Problem description: The required output is the stretch from the line containing "DoYoMo Golden Retriever" through the line containing "Polystar Ice Maker" in the records below, unaltered and with no pictures.

Records for this exercise:
######
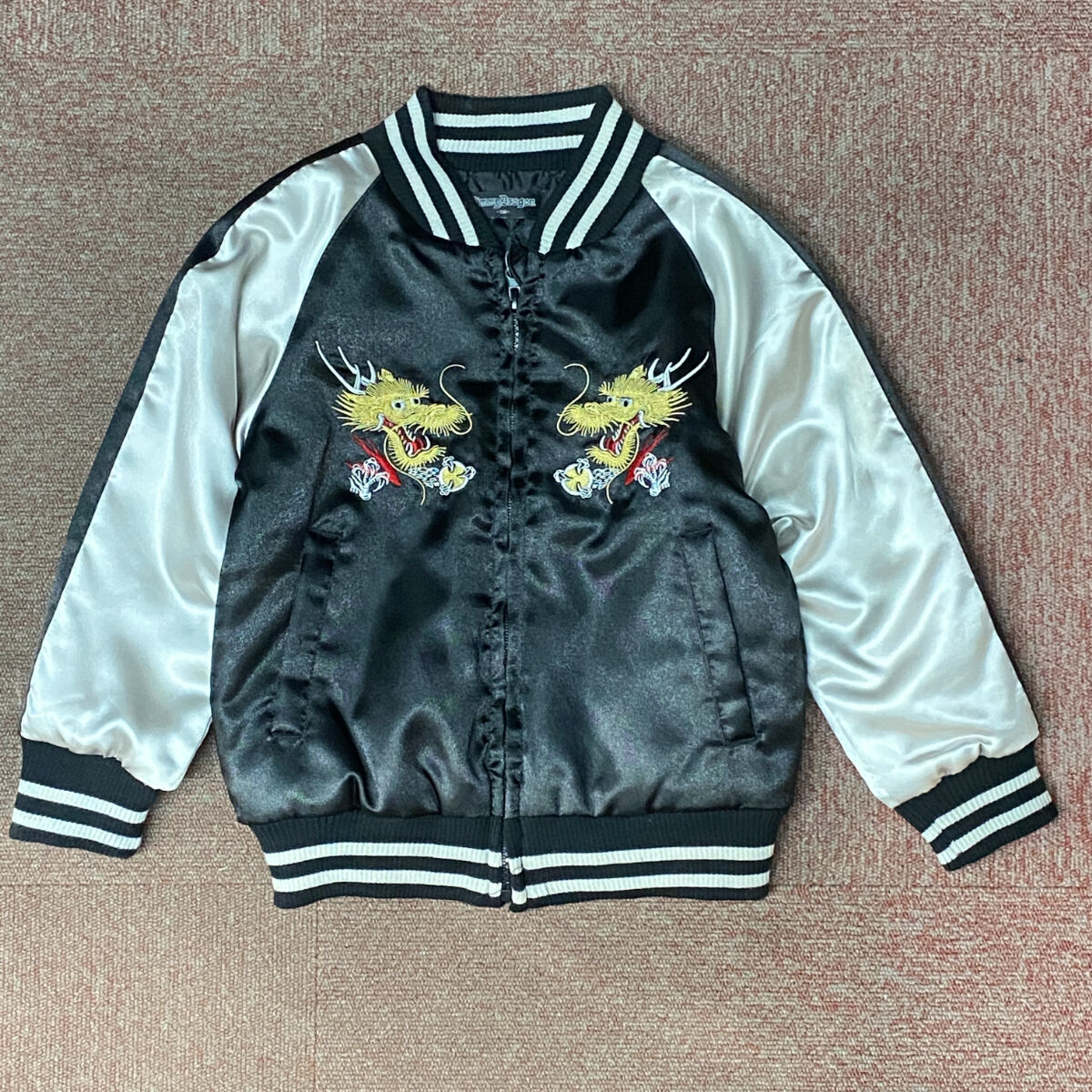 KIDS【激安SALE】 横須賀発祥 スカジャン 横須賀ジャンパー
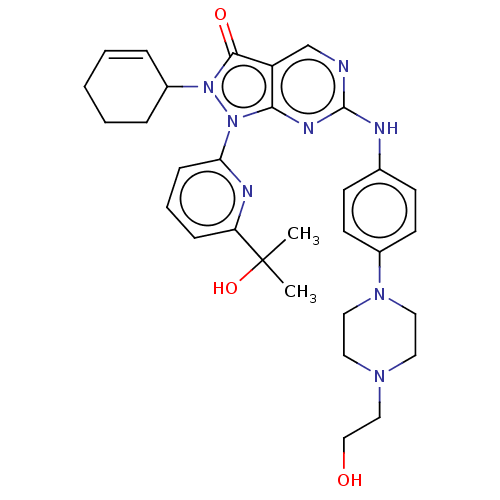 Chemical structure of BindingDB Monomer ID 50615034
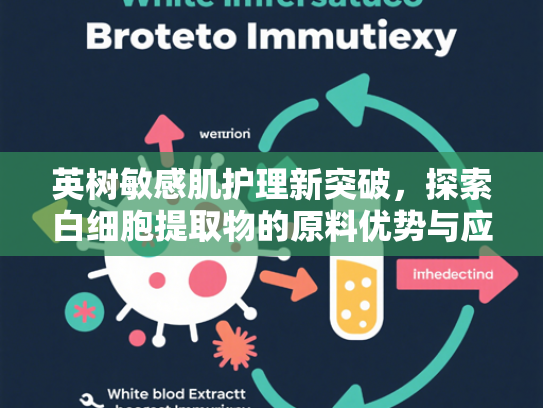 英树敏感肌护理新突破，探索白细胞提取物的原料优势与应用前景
######
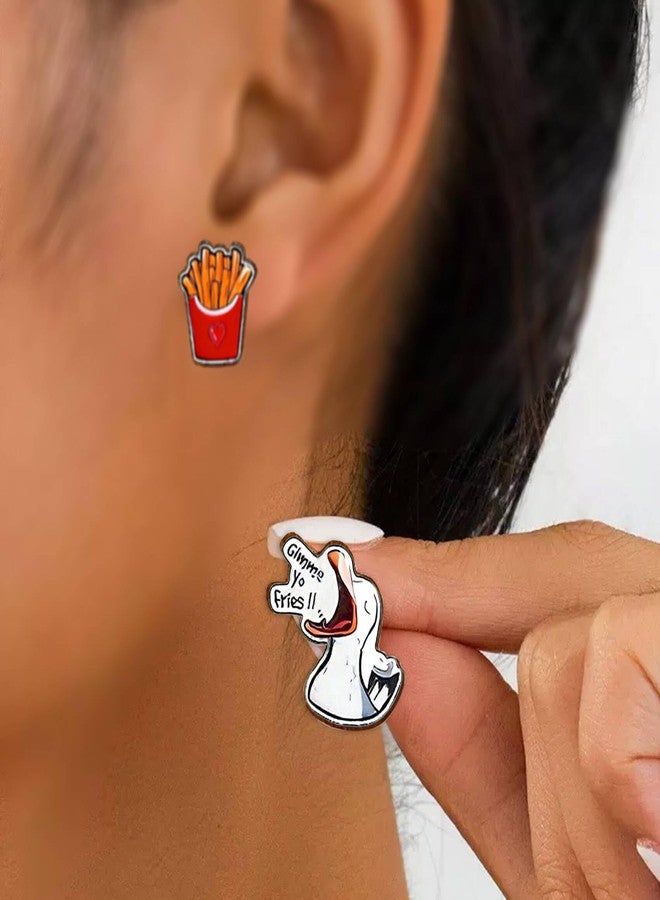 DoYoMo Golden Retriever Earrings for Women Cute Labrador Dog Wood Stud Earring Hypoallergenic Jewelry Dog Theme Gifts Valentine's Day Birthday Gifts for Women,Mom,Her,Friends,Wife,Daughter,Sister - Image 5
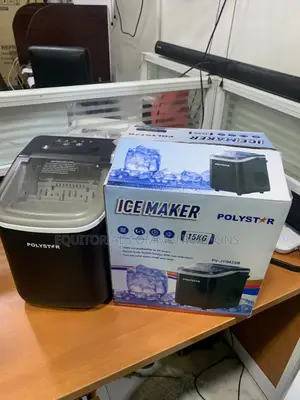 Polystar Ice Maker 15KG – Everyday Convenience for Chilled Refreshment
######
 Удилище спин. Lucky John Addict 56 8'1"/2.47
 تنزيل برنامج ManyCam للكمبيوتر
######
Solution for this exercise:
 DoYoMo Golden Retriever Earrings for Women Cute Labrador Dog Wood Stud Earring Hypoallergenic Jewelry Dog Theme Gifts Valentine's Day Birthday Gifts for Women,Mom,Her,Friends,Wife,Daughter,Sister - Image 5
 Polystar Ice Maker 15KG – Everyday Convenience for Chilled Refreshment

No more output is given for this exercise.